### Stored data
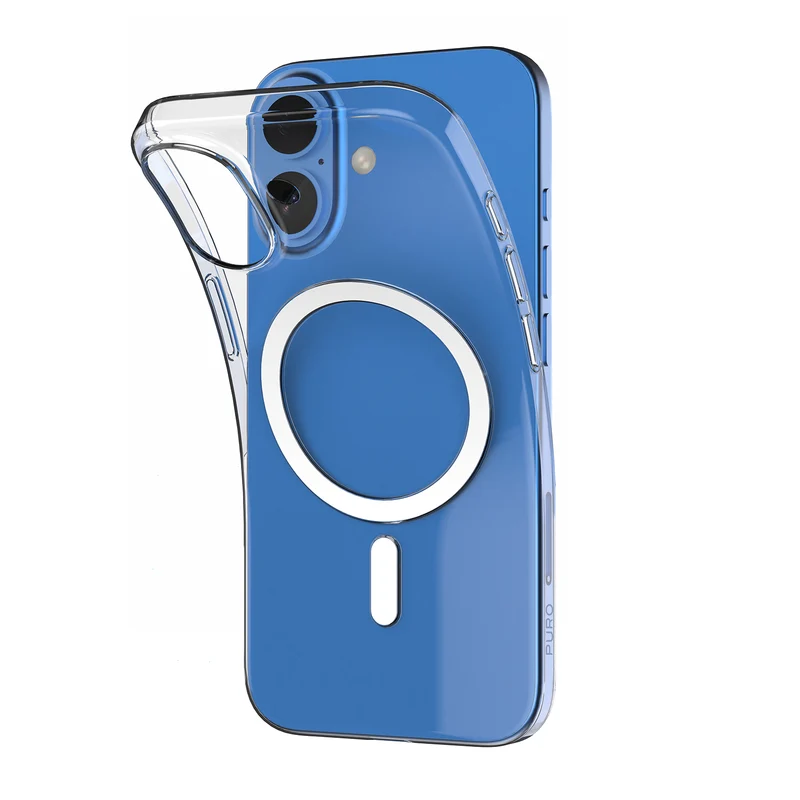 Cover 03 Nude Mag per iPhone 16 Plus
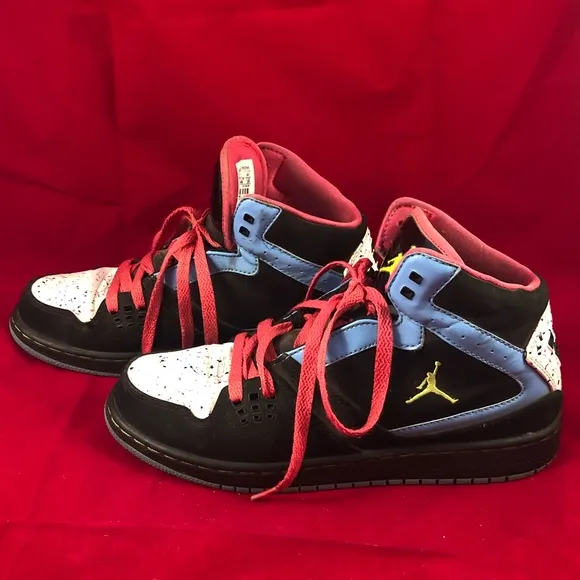 Air Jorden Skater Paint Splatter Sneaker Shoes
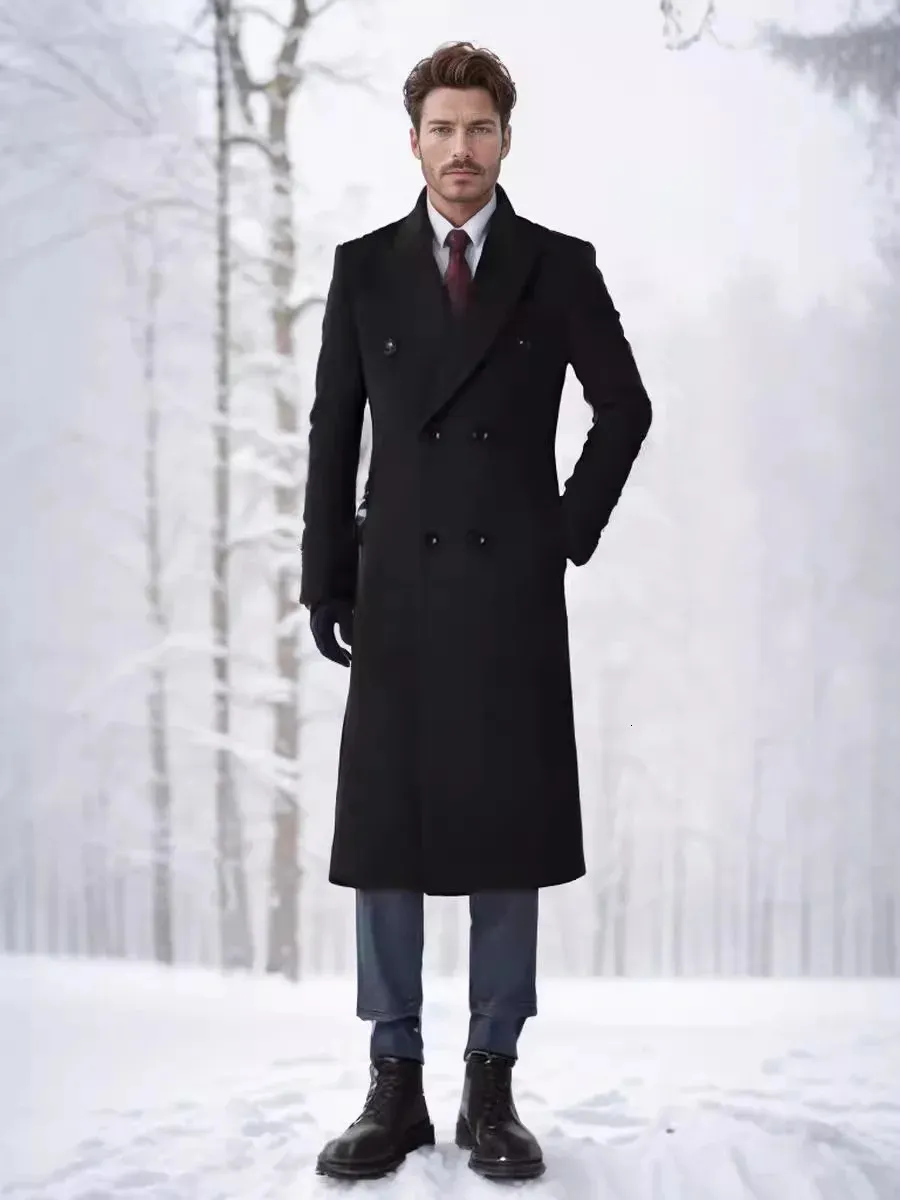 ジャケット・アウター WOOL DOUBLE COAT Amazon.com: chouyatou Women's Winter Double Breasted Wool Coat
######
● **What you need to do**:
Repeat all of the data above word for word, minus the pictures.

● **Answer box**:
 Cover 03 Nude Mag per iPhone 16 Plus
 Air Jorden Skater Paint Splatter Sneaker Shoes
 ジャケット・アウター WOOL DOUBLE COAT Amazon.com: chouyatou Women's Winter Double Breasted Wool Coat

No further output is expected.